For insight into the questions of Nordic homogeneity and their “outlier” reputation relative to the rest of Europe, we started by looking at the returns to developed markets over the last ten complete calendar years.
For our purposes, each country is characterized by 120 data points that represent every monthly return between January 2009 and December 2018. From this we can establish 120 linear combinations, or risk factors, that encompass geography, volatility of returns, investment styles and other key risk metrics. The riskiest becomes the first principal component, with the next strongest becoming the second. The remaining, weaker risk factors are then discarded.
The two factors that make the cut are used as the axes that allow us to represent our data in two dimensions by way of a simple dot-plot chart. Once the dots are arranged along the two axes, we color pink those that correspond to the Nordic countries, coloring all other markets green. The result is a visual representation (See chart below) showing the return profiles for each country.
As you can see from the exhibit (a) the Nordics have very similar return profiles and (b) those profiles fall within the same broad range as those of a significant number of Europe’s major markets.
Point (b) suggests that the value of using the Nordic bloc to get a different analytical perspective or investment exposure that is somehow uncorrelated from the rest of Europe may be limited. Point (a) raises the question of how, if at all, you can extract value if your investment universe is limited to Norway, Sweden, Finland and Denmark.

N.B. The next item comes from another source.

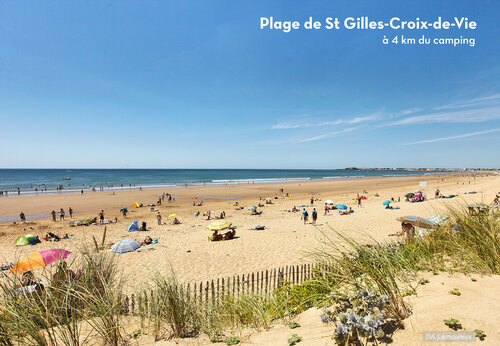 Amplia playa de arena en Saint-Gilles-Croix-de-Vie, Vend�e, perfecta para nadar.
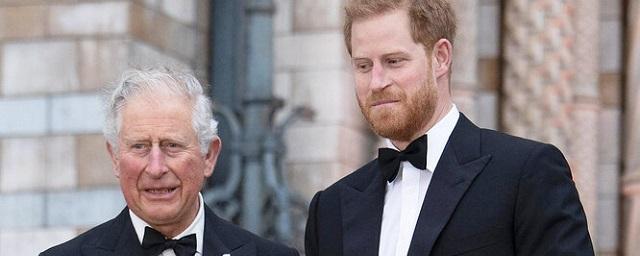 Беседа принца Чарльза с сыном Гарри продлилась 15 минут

How to pick apples from apples
To tackle the question of relative value among the Nordic markets, we applied a tried and tested methodology based on flow momentum which is defined as the sum of flows, in percentage of AUM terms, into or out of a given market by equity funds with cross-border mandates that report both daily flows and monthly country allocations to EPFR.
Historically investment strategies which buy and sell assets in countries with the highest and lowest scores -- in terms of four-week flow momentum -- have generated significant positive returns over forward holding periods ranging from a week to a quarter.
We rank each of the Nordic countries into four buckets by four-week flow percentage, the same indicator studied by Srimurthy et al. (2018), so that each bucket has one country in it. Q1 has the country with the highest flow while Q4 has the one with the lowest. The table below shows forward returns on calendar-time portfolios formed by sorting countries using four-week flow momentum and assigning them to one of four buckets.
We ran the model using various holding periods ranging from a week to two months. Portfolios are rebalanced at the end of the relevant holding period to maintain equal weights. We report annualized average return difference between each bucket and the average equal-weight return of all four Nordic countries. We also show the annualized return difference between the highest-flow and lowest-flow bucket, together with the associated Sharpe ratio.
As you can see from the column “Q1 ex Q4” in the above table, there are significant profits associated with the zero-cost strategy that goes long the Nordic country with the highest four-week flow percentage and shorts the one with the lowest.
Based on our research, Nordic Countries are indeed somewhat homogenous, but are not as removed from the rest of Europe as is frequently assumed. Their homogeneity, however, does not preclude finding value by making individual allocations within the small universe of Nordic countries.